■ COLLECTED MATERIAL ■
>>>

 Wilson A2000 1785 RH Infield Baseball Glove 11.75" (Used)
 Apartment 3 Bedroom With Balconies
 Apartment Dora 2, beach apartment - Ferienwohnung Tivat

<<<

■ WHAT YOU ARE ASKED TO DO ■
Take every line above that includes the string "Apartment" and return it.

■ RESPONSE AREA ■
 Apartment 3 Bedroom With Balconies
 Apartment Dora 2, beach apartment - Ferienwohnung Tivat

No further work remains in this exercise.